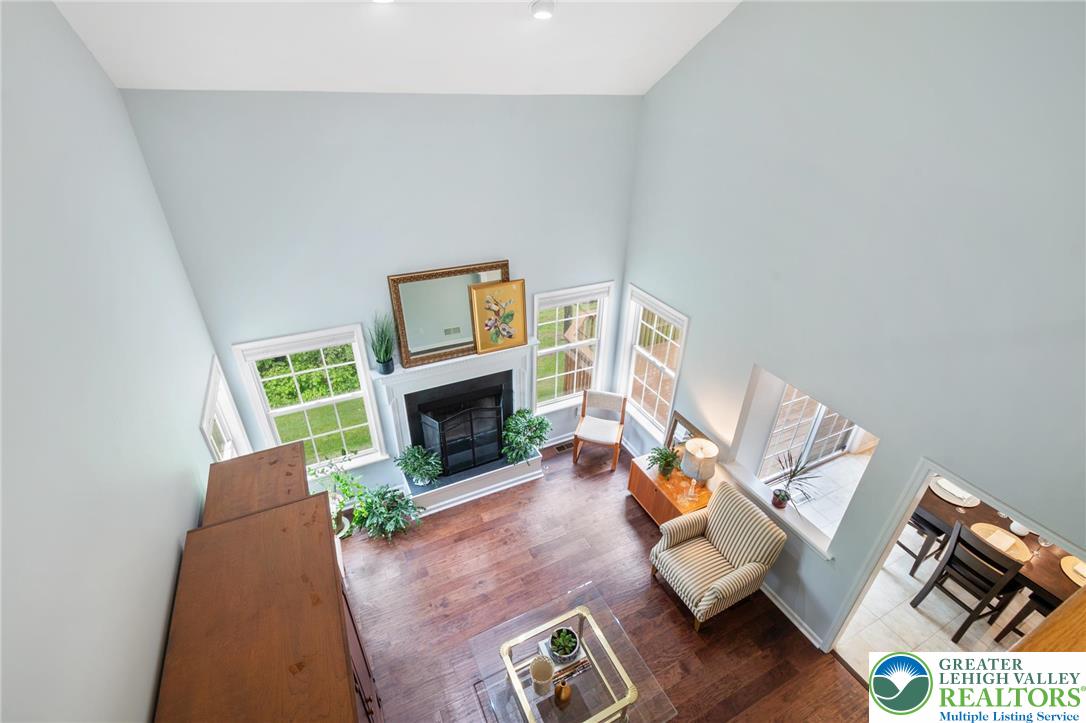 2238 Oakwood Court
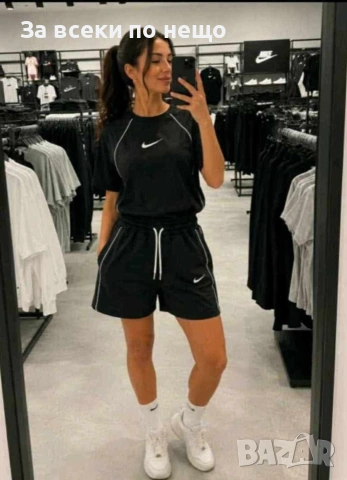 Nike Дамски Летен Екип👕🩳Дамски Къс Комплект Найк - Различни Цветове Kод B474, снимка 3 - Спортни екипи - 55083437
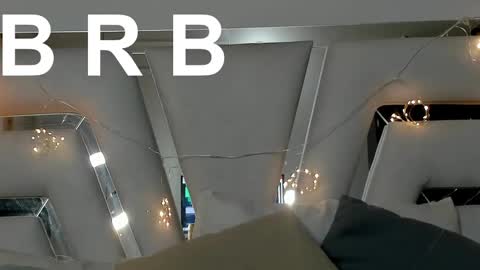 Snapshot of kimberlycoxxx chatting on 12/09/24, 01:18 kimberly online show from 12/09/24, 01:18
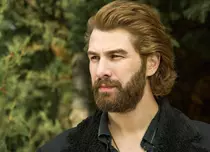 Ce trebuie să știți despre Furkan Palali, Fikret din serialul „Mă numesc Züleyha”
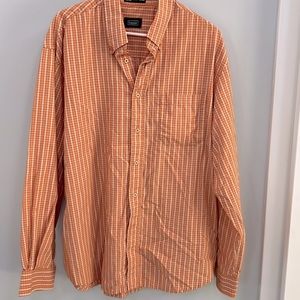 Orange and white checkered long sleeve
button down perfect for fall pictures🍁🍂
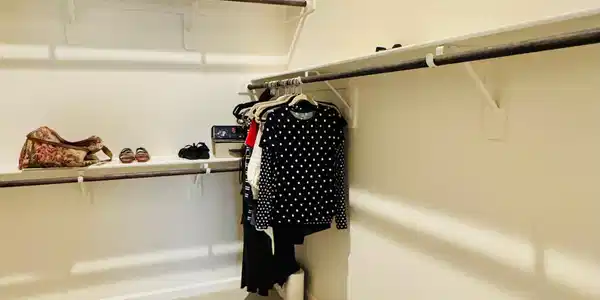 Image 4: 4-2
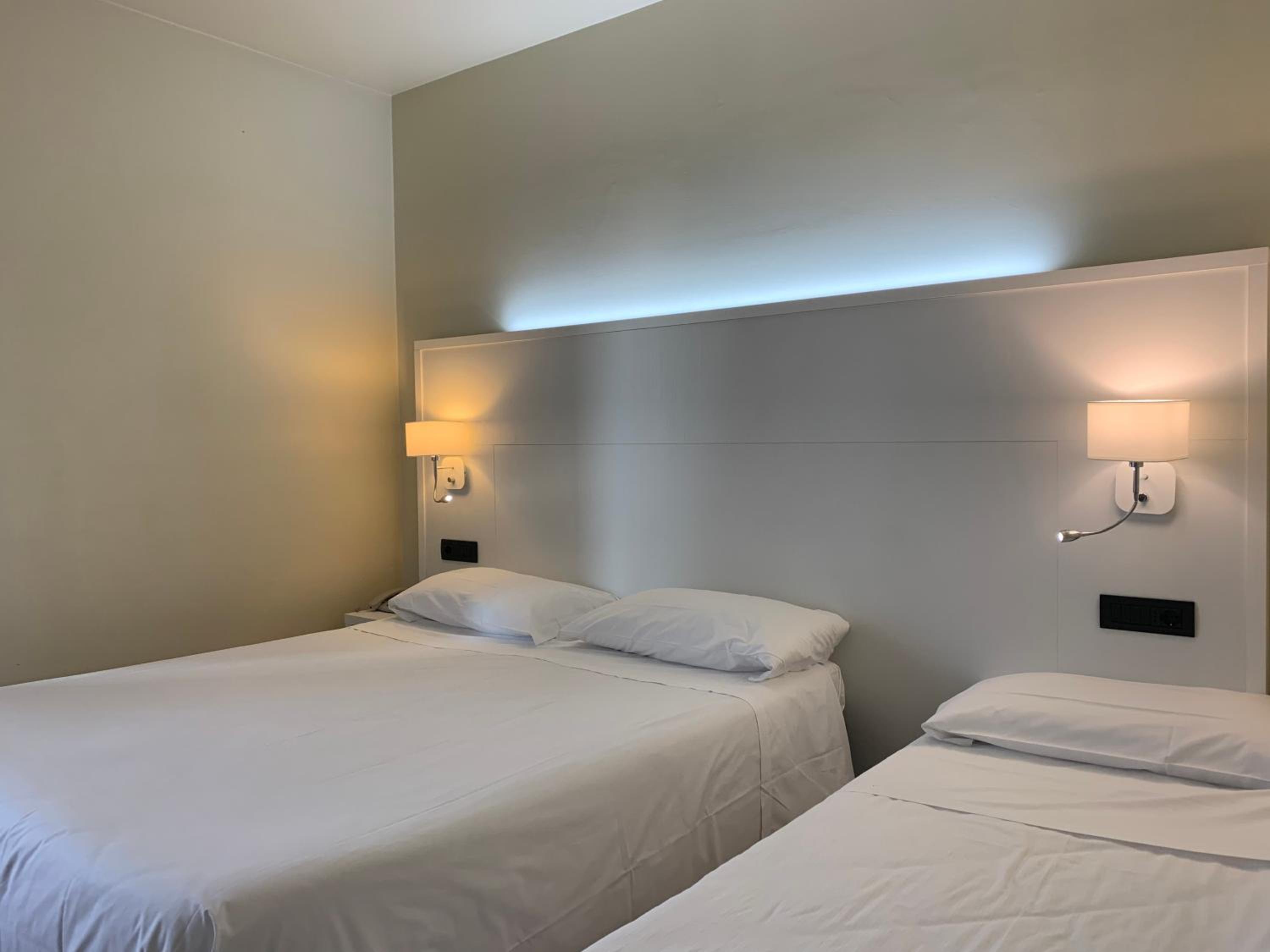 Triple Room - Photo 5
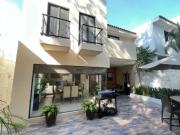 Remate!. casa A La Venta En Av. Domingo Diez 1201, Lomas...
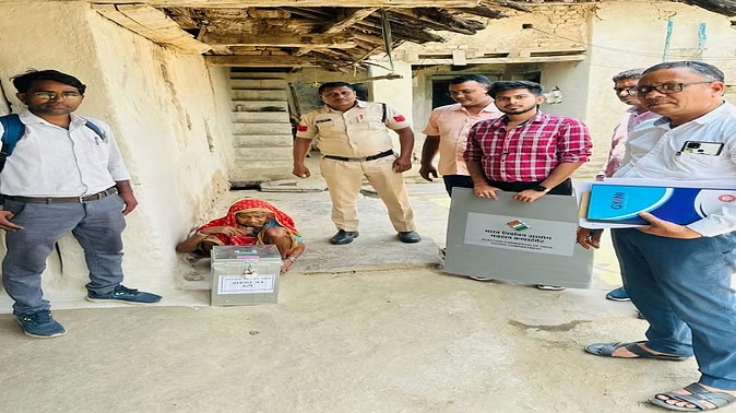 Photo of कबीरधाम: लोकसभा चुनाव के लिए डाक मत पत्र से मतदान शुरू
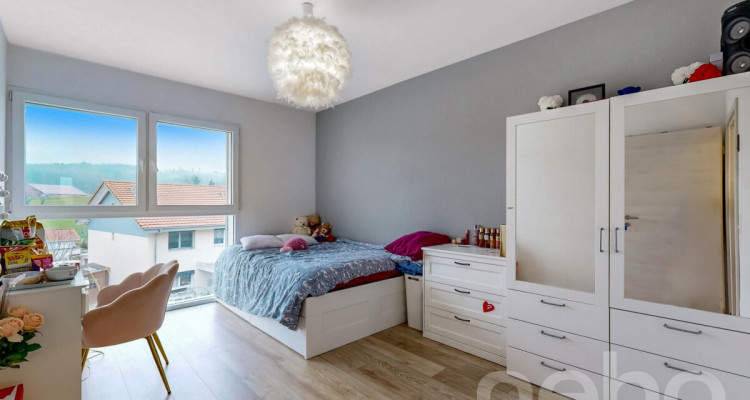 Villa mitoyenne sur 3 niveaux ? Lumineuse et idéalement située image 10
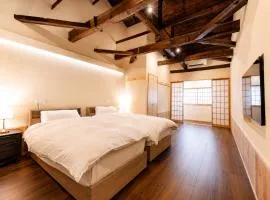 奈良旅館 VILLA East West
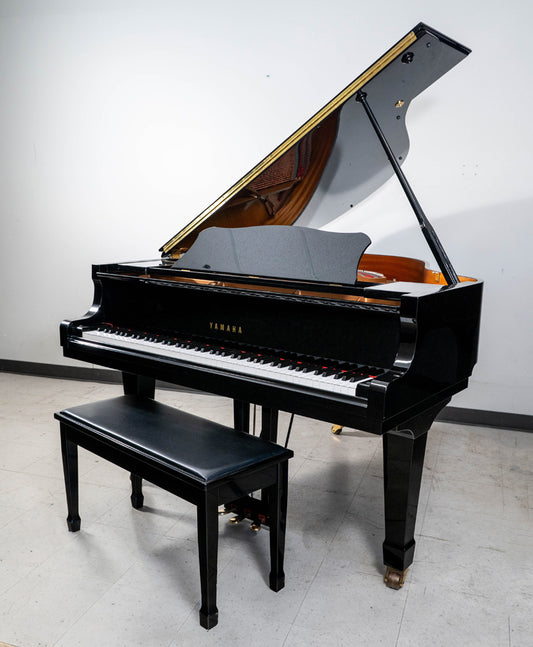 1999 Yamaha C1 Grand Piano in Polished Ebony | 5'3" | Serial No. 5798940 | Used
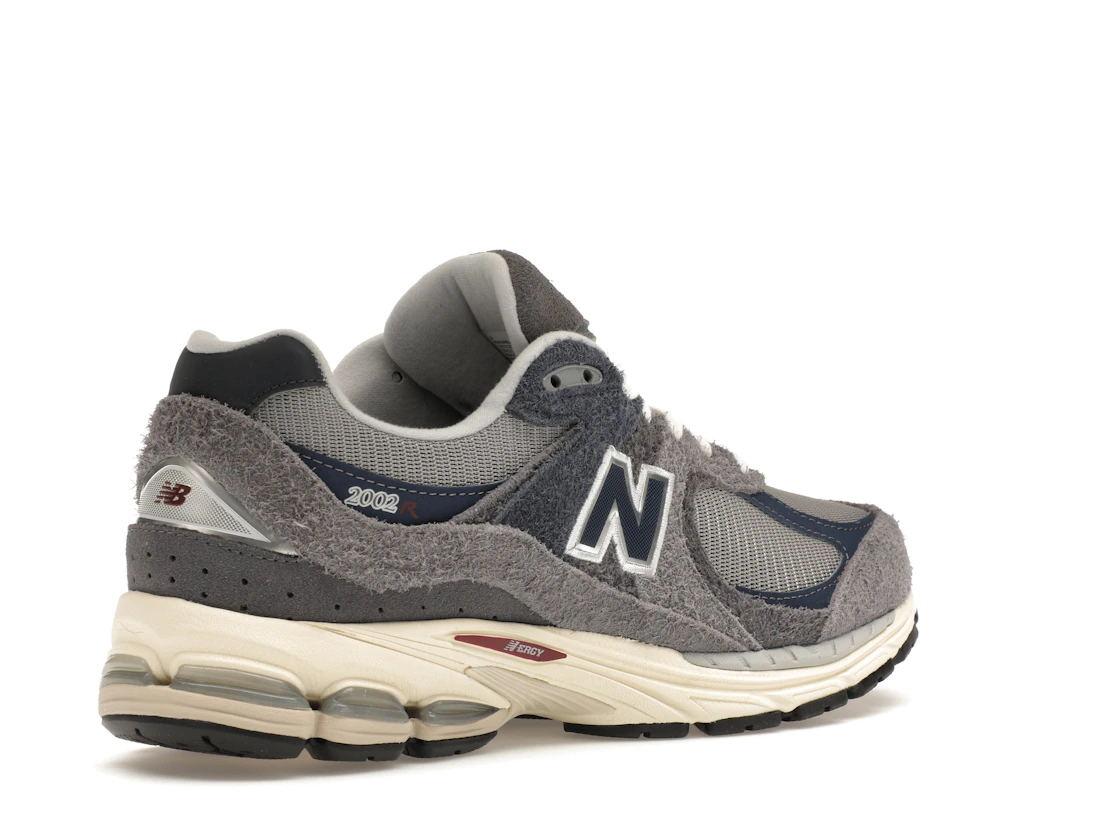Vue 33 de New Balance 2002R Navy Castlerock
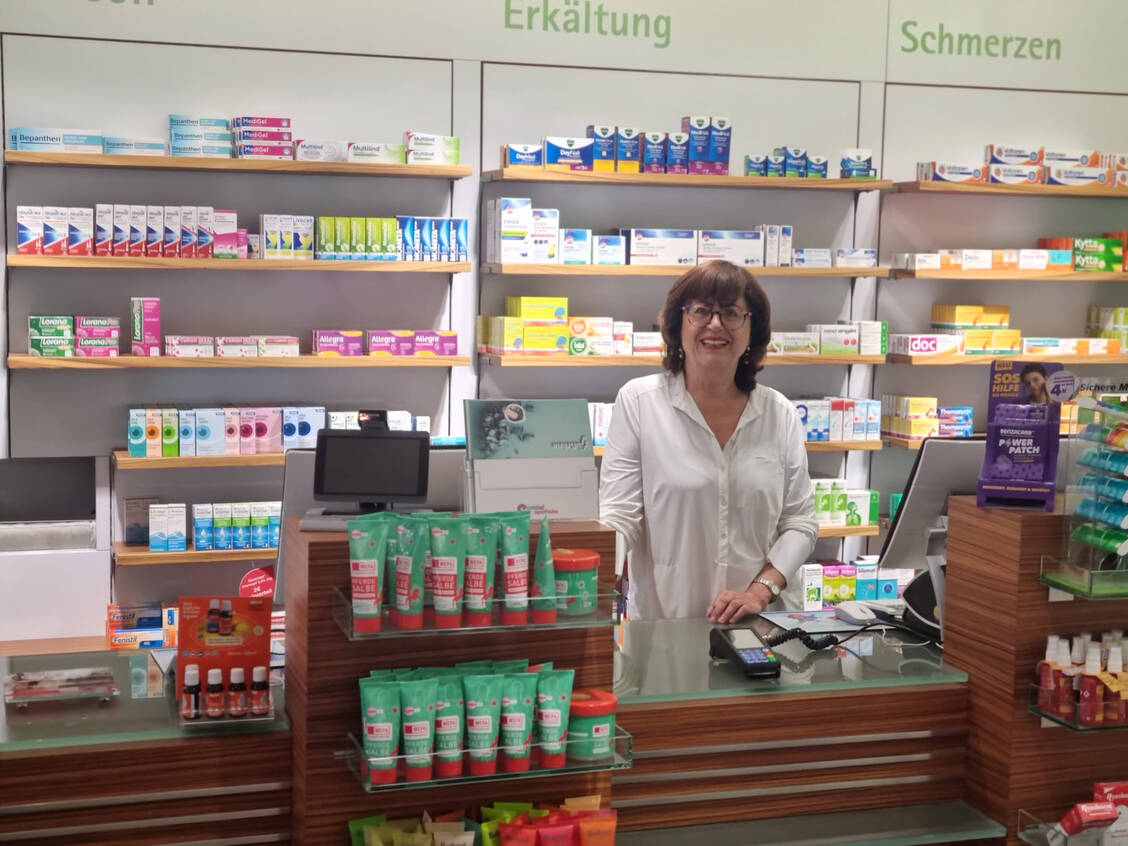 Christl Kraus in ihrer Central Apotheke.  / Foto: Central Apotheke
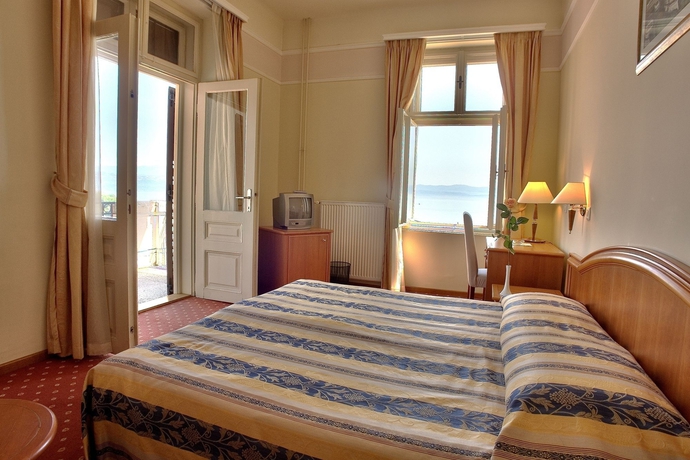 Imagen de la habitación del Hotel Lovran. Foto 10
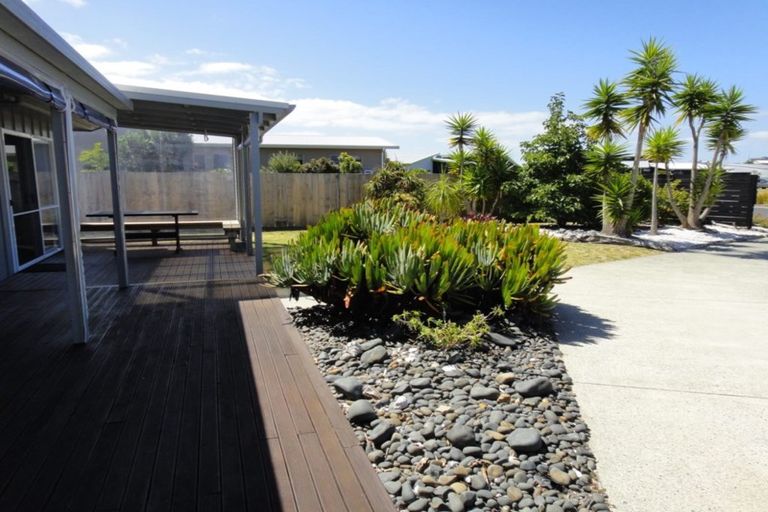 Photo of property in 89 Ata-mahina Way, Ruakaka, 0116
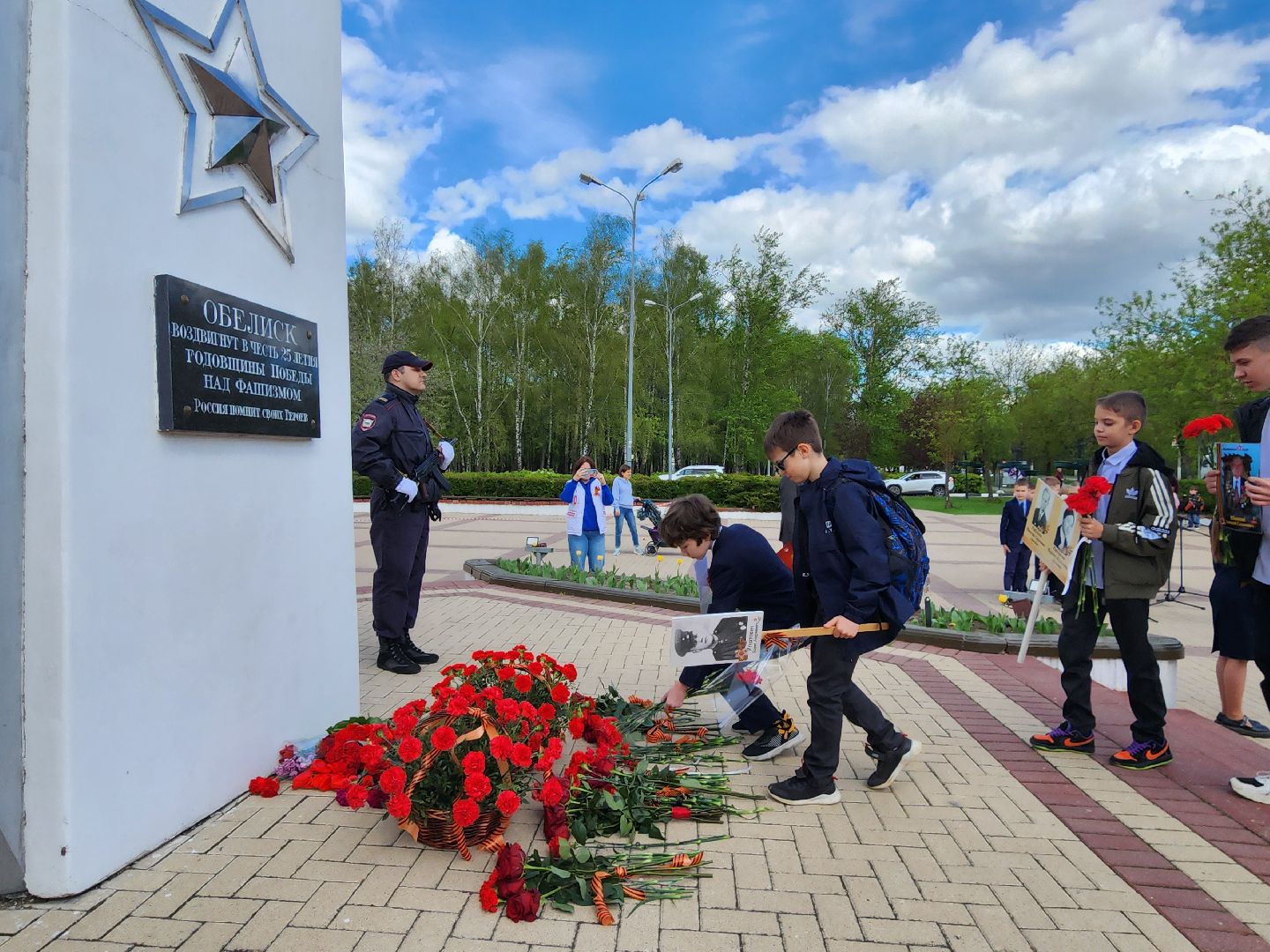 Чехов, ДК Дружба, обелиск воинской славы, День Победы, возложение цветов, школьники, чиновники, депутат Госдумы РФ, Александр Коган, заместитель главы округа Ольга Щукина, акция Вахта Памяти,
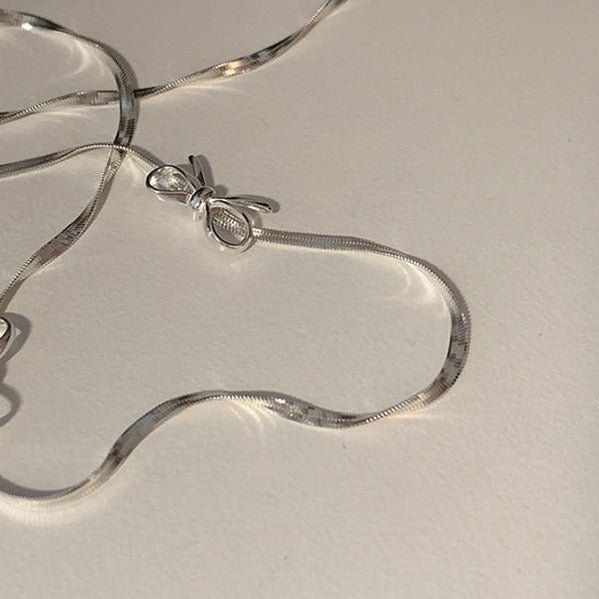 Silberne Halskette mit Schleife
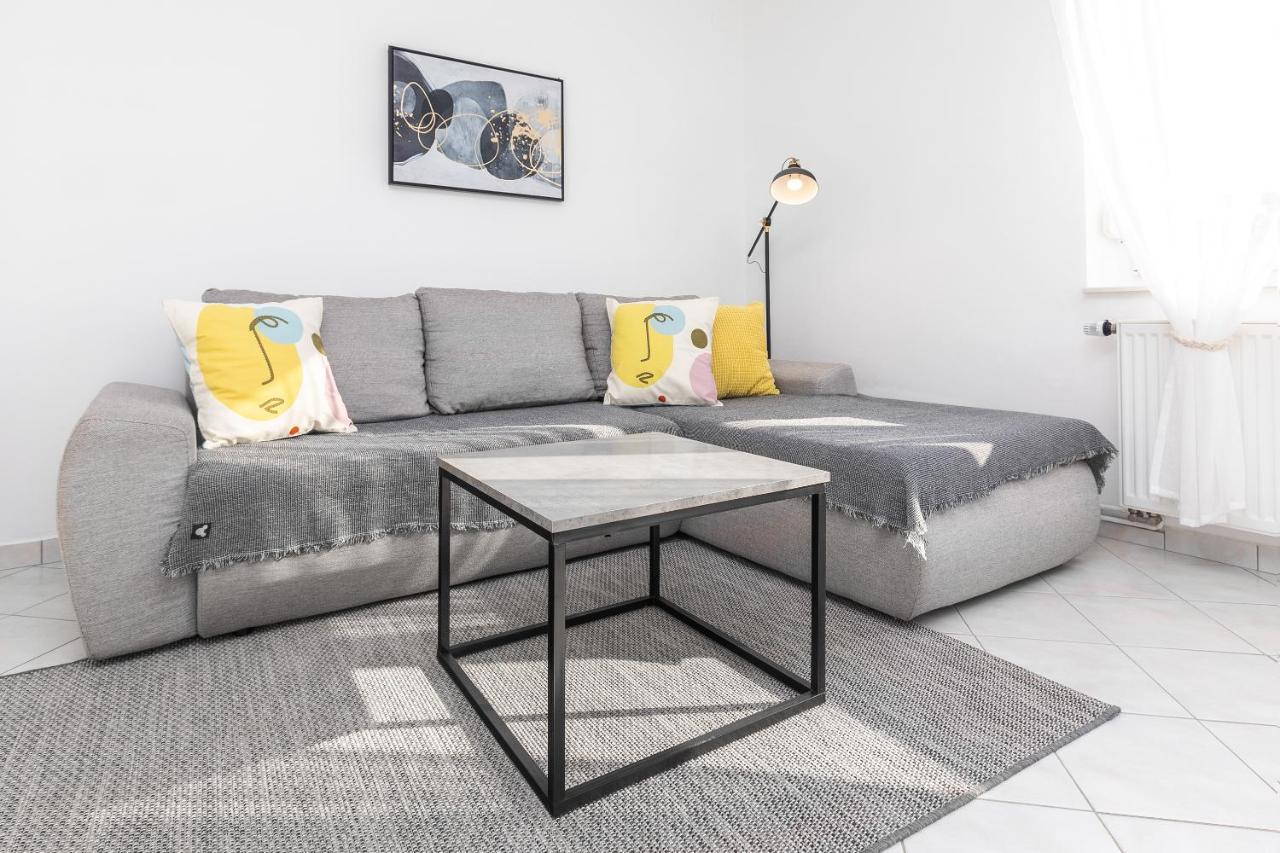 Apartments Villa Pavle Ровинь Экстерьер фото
==========
Only the lines from the one containing "Photo of कबीरधाम: लोकसभा" through the last line of the entries, both included, should be repeated exactly, and the pictures should be left out.

 Photo of कबीरधाम: लोकसभा चुनाव के लिए डाक मत पत्र से मतदान शुरू
 Villa mitoyenne sur 3 niveaux ? Lumineuse et idéalement située image 10
 奈良旅館 VILLA East West
 1999 Yamaha C1 Grand Piano in Polished Ebony | 5'3" | Serial No. 5798940 | Used
Vue 33 de New Balance 2002R Navy Castlerock
 Christl Kraus in ihrer Central Apotheke.  / Foto: Central Apotheke
 Imagen de la habitación del Hotel Lovran. Foto 10
 Photo of property in 89 Ata-mahina Way, Ruakaka, 0116
 Чехов, ДК Дружба, обелиск воинской славы, День Победы, возложение цветов, школьники, чиновники, депутат Госдумы РФ, Александр Коган, заместитель главы округа Ольга Щукина, акция Вахта Памяти,
 Silberne Halskette mit Schleife
 Apartments Villa Pavle Ровинь Экстерьер фото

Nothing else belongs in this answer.